Van Noten is 65 years old, and has many outside interests beyond fashion, including a passion for gardening.
“As a young guy from Antwerp, my dream was to have a voice in fashion. Through a journey that brought me to London, Paris and beyond, and with the help of countless supportive people, that dream came true,” he said. “Now I want to shift my focus to all the things I never had the time for. I’m sad, but at the same time happy.”
A beloved figure on the fashion and retail scene, Van Noten has won numerous awards, including the WWD Honor for Designer of the Year in 2023, and the CFDA’s International Designer of the Year in 2008. He has also been decorated by Fashion Group International, the Couture Council of the Museum at FIT and the Flemish Royal Academy of Belgium.
A 2014 exhibition at Les Arts Décoratifs in Paris probed how pop culture, fine objects and paintings shaped Van Noten’s aesthetic, also detailing his career-long collaboration with embroiderers in India.
While Van Noten is involved in many aspects of the business beyond design, Puig has in recent years fortified management ranks at the company, tapping Axel Keller, who had been CEO of Jil Sander, as president.
Keller had a long career as commercial director for top designer brands in France, most notably Balenciaga, where he was commercial director for 14 years, and at Maison Margiela, where he held that role for 13 years.
One of the original Antwerp Six, and arguably the one who has had the most enduring impact on womenswear and menswear, Van Noten comes from a family of tailors and is a graduate of Antwerp’s Royal Academy of Fine Arts. He launched his label with menswear in 1986, and established his flagship store, known as Het Modepaleis and located on the site of a historic department store, in his hometown in 1989.
Like many Belgian designers, Van Noten has resisted most of the common paths to growth, forgoing pre-collections, advertising, celebrity dressing and a handbag push.
But since linking up with Puig, he has opened more freestanding boutiques, launched a range of fragrances and lipsticks, and combined his fashion and beauty worlds in a newfangled boutique concept in Paris mingling accessories and beauty products.
In disclosing 2023 financial results, Puig flagged that Van Noten ranks as its fastest-growing niche brand.
The Spanish group’s fashion portfolio also includes Carolina Herrera, Jean Paul Gaultier, Nina Ricci and Rabanne.
Gaultier retired from the runway in 2020 and continues to select guest couturiers for his Paris-based house.
“I thank everybody at Puig — Marc Puig, Manuel Puig, Jose Manuel Albesa and Ana Trias — for continuing to believe in us, and for helping us to build an even stronger company,” Van Noten said. “Also, my thanks to the fabric and accessories suppliers, ateliers and manufacturers, embroiderers in India and everyone who helped us realize so many beautiful ideas.
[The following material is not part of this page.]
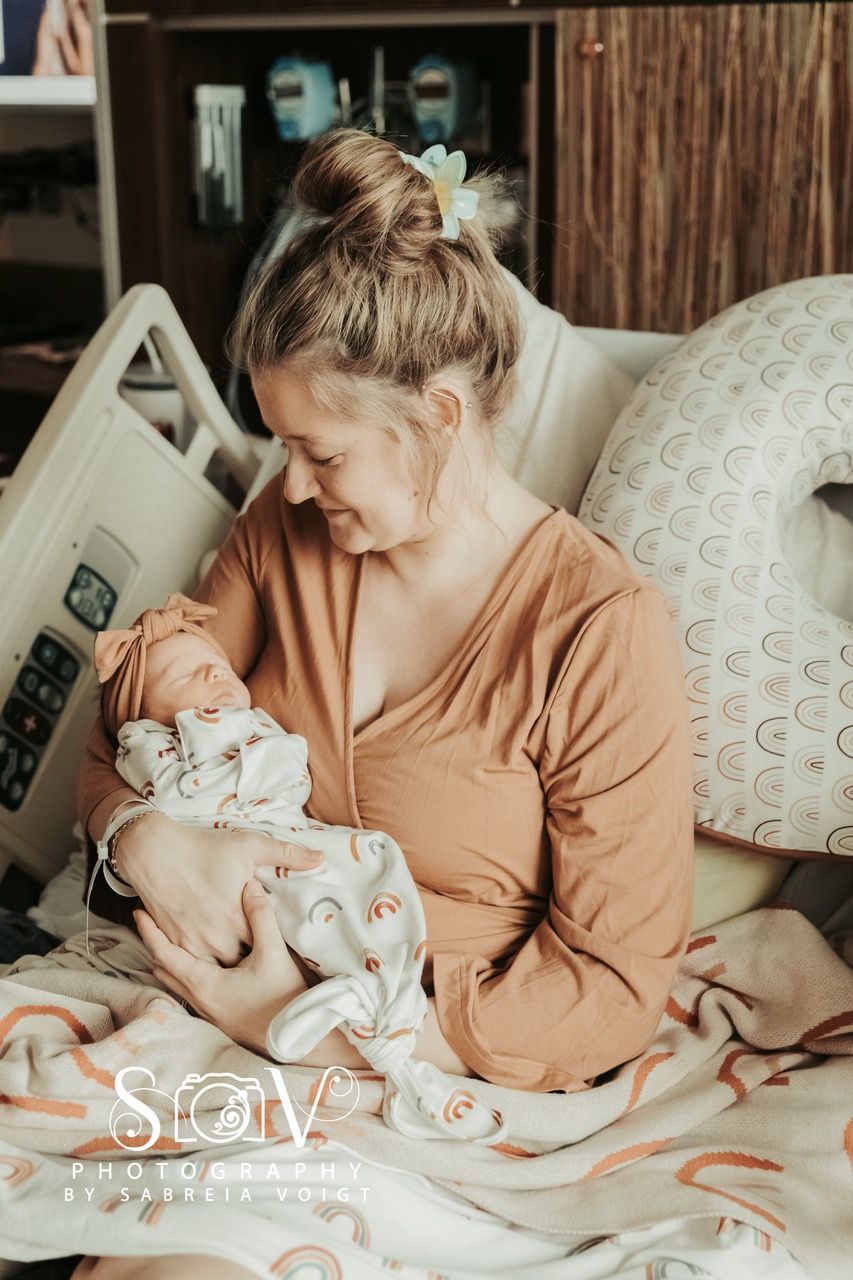 Woman holding newborn baby, smiling. Soft lighting, hospital room setting.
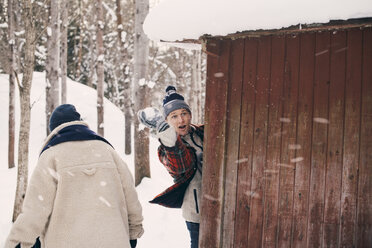 Mann wirft Schneeball, während er mit einem Freund bei einer Blockhütte im Winter steht - MASF08146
“I feel such gratitude to all those at DVN. “During these years, 38 to be precise, you gave me the opportunity and the energy to produce four collections a year, to stage shows, to open stores and make DVN the success it is today,” he continued. “Since Puig became part of our business, we could continue to grow the way we wanted to,” Van Noten said, citing the addition of beauty and perfume lines, the expansion of the accessories, the addition of e-commerce and new and innovative stores.
“The brand is now blooming. Like in a garden, you decide what to plant, and at some point, it continues to flourish,” he said. “Seeing our clothes out in the world, knowing they have a place in your life, has fulfilled me beyond words.
“I am sure of this: the DVN future remains bright,” he concluded.